The percentage coverage by a specific size FPGA can be computed by multiple integrations with limits from hyperplanes. If hyperplanes are transformed to be axis-aligned ones, the percentage coverage becomes a cumulative distribution function (CDF), which can be computed efficiently. Although the CDF of a multivariate normal distribution has no closed form, an efficient computation for it is known [9].

The transformed hyperplanes will become axis-aligned if the normal vectors of the original hyperplanes are used in the linear transformation. This transformation will change the probability distribution. The transformed RVs may be correlated even if the original RVs are uncorrelated. The transformed distribution is a normal distribution if and only if the resulting covariance matrix is positive definite. This can be guaranteed if the linear transformation is linearly independent. However, if there are hyperplanes similar to case b) of Figure 1, it may happen that the covariance matrix is not positive definite and the obtained probability is not normal anymore.

# 4.2. Finding the minimum area FPGA

After the transformation, the probability that an FPGA with a specific amount of resources,  $\vec{y}$ , covers designs can be computed using a CDF. Furthermore, the area of the FPGA which is the summation of areas of all resources in the original problem,  $ie., \vec{y} \cdot \vec{1}$ , becomes  $\vec{x} \cdot \vec{C}$ , where  $\vec{x}$  and  $\vec{C}$  are  $\vec{y}$  and  $\vec{1}$  after the transformation. Thus, the minimum area FPGA that covers a% of all designs can be formulated as

minimize 
$$f(\vec{x}) = \vec{x} \cdot \vec{C}$$
 (3)  
s.t.  $CDF(\vec{x}) = a$   
 $B^{-1}\vec{x} \succeq 0$ 

where B is the linear transformation used in Section 4.1 and  $\succeq$  means  $\ge$  for every component. Since there is no closed form for the CDF of a multivariate normal distribution, it has to be computed numerically [9]. Thus problem (3) is in an oracle form. Thus, the optimization problem is difficult to solve because an initial feasible solution is difficult to obtain. The problem can be extended to (4). Later on we will show that the solution to (4) is the same as that of (3).

minimize 
$$f(\vec{x}) = \vec{x} \cdot \vec{C}$$
 (4)  
s.t.  $1 - CDF(\vec{x}) \leq 1 - a$   
 $B^{-1}\vec{x} \succ 0$ 

Let  $x_2 = \mathcal{C}(x_1, \rho)$  defined by  $P\{X_1 \geq x_1, X_2 \geq x_2\} = \gamma$ , where  $(X_1, X_2)$  has a bivariate normal distribution with mean (0,0), variances  $\sigma_{X_1}^2, \sigma_{X_2}^2$  and correlation  $\rho$ . It is shown that  $\mathcal{C}(x_1, \rho)$  is strictly concave over  $x_1$  for  $\gamma \in (0,1)$  and any value of  $\rho$  [10].

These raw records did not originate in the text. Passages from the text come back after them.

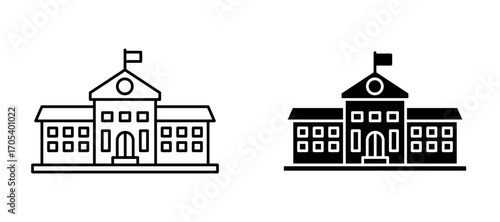 Institute icons set for apps and web.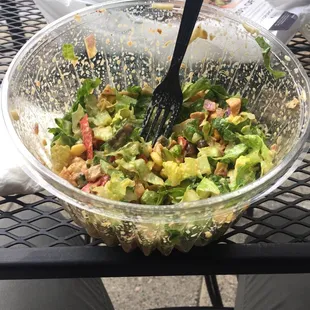 Southwest salad with spicy ranch. Put it in your gullet.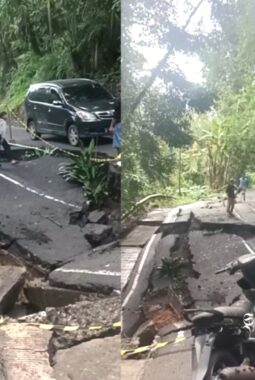 Akses Sukabumi – Sagaranten putus akibat banjir dan longsor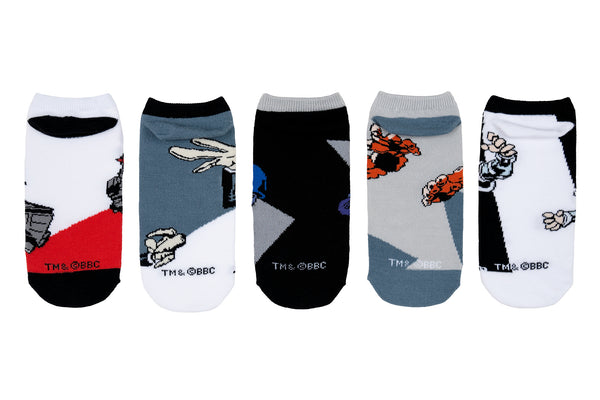 Doctor Who Villians 5 Pair Lowcut Socks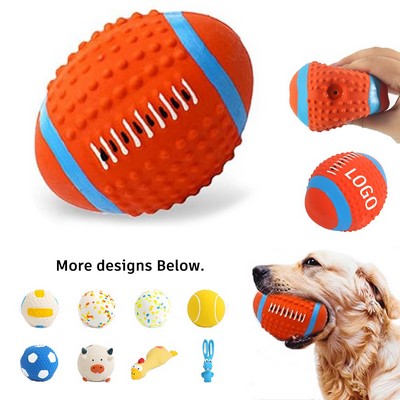 Dog Teeth Cleaning Latex Rugby Latex Voice Training Ball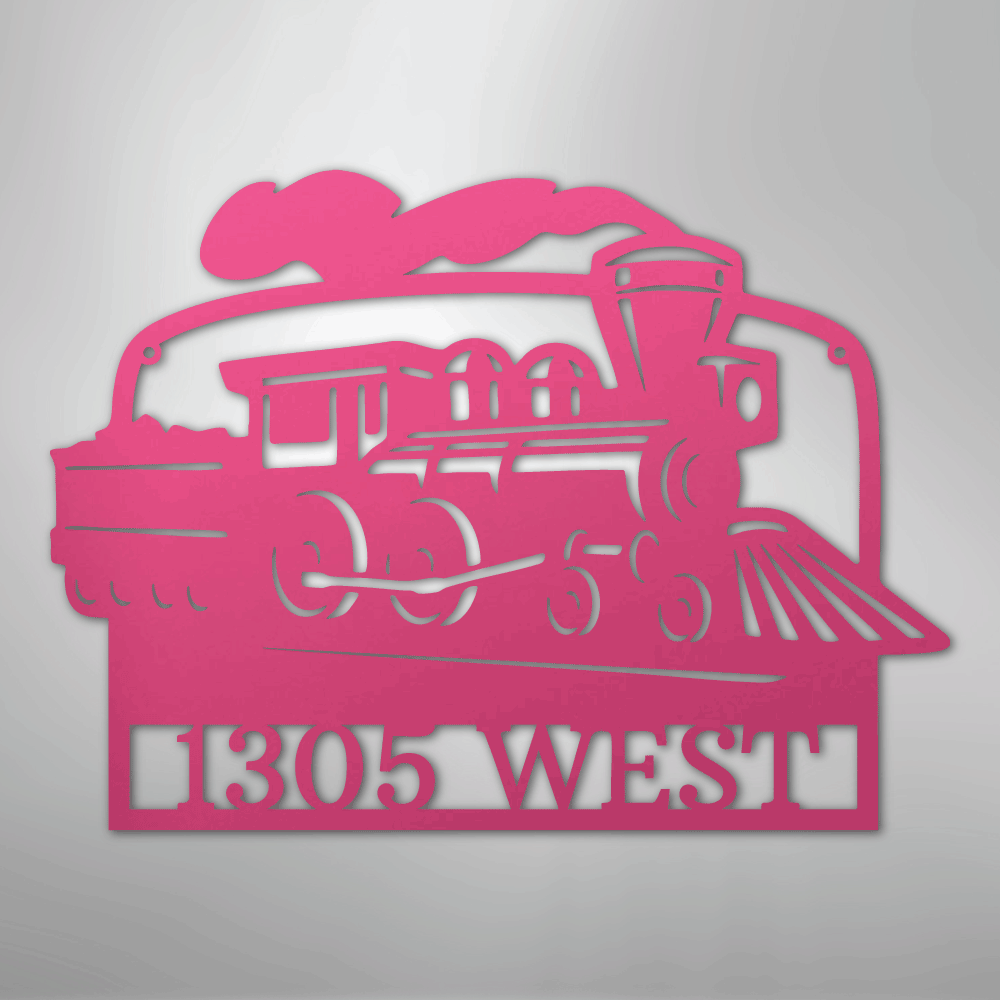 Coal Train Monogram - Steel Sign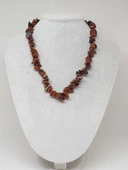 Kahverengi Obsidyen Taşı İri Taşlar Kolye (52266) - 1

**Fig. 3.** Demonstration of (4) **Fig. 4.** Show how to compute for two-variable case.  $x^{k+1}$ .

Furthermore,  $\mathcal{C}(x_1,\rho+\epsilon)>\mathcal{C}(x_1,\rho)$ , for  $\epsilon>0$  [10]. However,  $CDF(x_1,x_2)=P\{X_1\leq x_1,X_2\leq x_2\}$ . By linear transformation, a contour of  $CDF(x_1,x_2)=\beta$  is strictly convex over  $x_1$ . As a result,  $1-CDF(\vec{x})\leq 1-a$  is also convex for 2-dimensional case as shown in Figure 3. Any marginal distribution of a multivariate normal distribution is also a normal distribution. Thus, we can infer that the feasible set is also convex in a higher dimension.

In the original problem,  $\vec{y} \succeq 0$  is convex and thus its transformed counterpart is also convex. Because intersection of convex sets yield a convex set, the constrain of (4) is convex. A local optimum point  $x^*$  must satisfy

$$\nabla f(x^*)'(x - x^*) \ge 0, \quad \forall x \in X.$$
 (5)

If f is convex over a feasible set X,  $x^*$  is also a global minimum. In our problem, (4), the objective function is linear, thus convex, and the feasible set is strictly convex, a local optimum  $x^*$  is the global optimum.

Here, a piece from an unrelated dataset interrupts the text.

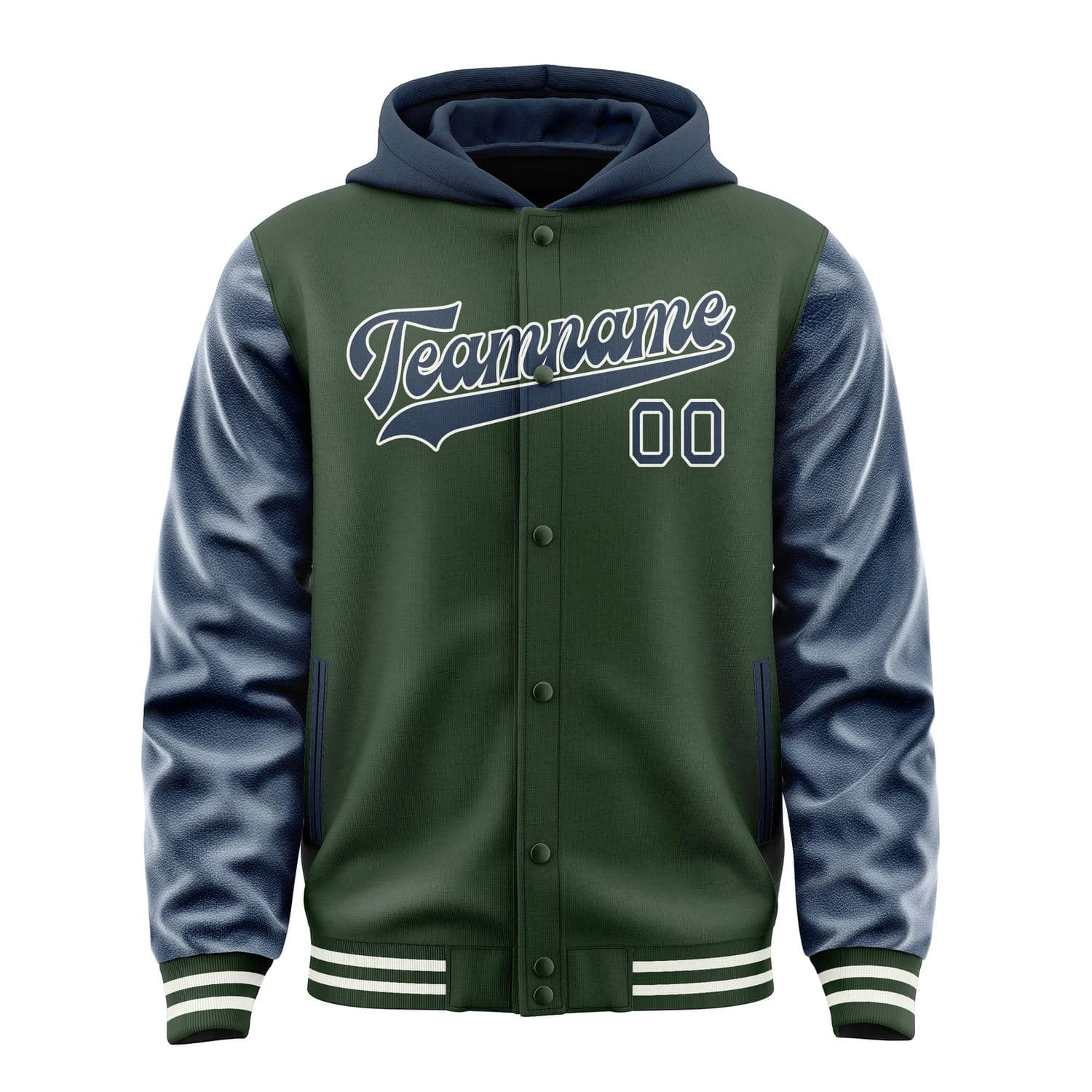 Maßgeschneidertes Tannengrün Marineblau Jacke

The algorithm we will present belongs to the feasible direction method which proceeds in an iterative manner. Let  $x^k$  be the current feasible solution, at iteration k.

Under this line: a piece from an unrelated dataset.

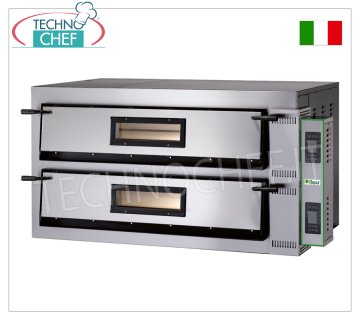 FIMAR - Horno eléctrico de pizza para 6+6 pizzas de 35cm, 2 cámaras transversales independientes de 108x72cm,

$$x^{k+1} = x^k + \alpha^k d^k. (6)$$

 $d^k$  is a feasible and descent (regarding objective function) direction, ie.,  $\nabla f(x^{k+1})'d^k < 0$  and  $\alpha^k$  is a step size. If  $x^{k+1} = x^k$ , it means that  $d^k = 0$ ;  $\nabla f(x)'d^k > 0, \forall x \in X | \|x - x^k\| < \epsilon$ . Therefore,  $x^k$  is the optimum solution. Traditionally,  $x^{k+1}$  is obtained by solving a subproblem. However, since we have the feasible set only in oracle form, we have to find  $x^{k+1}$  numerically by searching around  $x^k$ . Using the fact that our objective function is linear, a simple, yet effective search can be performed. Consider Figure 4. A hyper-ball of radius  $\epsilon$  in n-1 dimensions centered at  $x^k$  can be drawn, where n is the dimension of the solution space.  $x^{k+1}$  is determined in 2 steps : 1) Randomly select a point on the ball. There are two points, shows as white circles, on the hyper-ball in Figure 4 and 2) Find a point x' along the contour  $1-CDF(\vec{x}) \leq 1-a$  by performing a binary search along the steepest descent direction,  $\nabla f = C$ .

These two steps will be repeated until  $x'\cdot\vec{C} < x^k\cdot\vec{C}$  and  $B^{-1}\cdot x'\succeq 0$  and that x' is used as  $x^{k+1}$ . Note that the chosen  $x^{k+1}$  may not yield the most cost reduction. However, the optimum solution is guaranteed to be found as the feasible set is convex, but may take more steps. It is possible that  $x^*$  is in an obscure location such that the feasible points oscillate between  $x^k$  and  $x^{k+1}$ . To ensure convergence,  $\epsilon$  must be small and gradually decrease in size.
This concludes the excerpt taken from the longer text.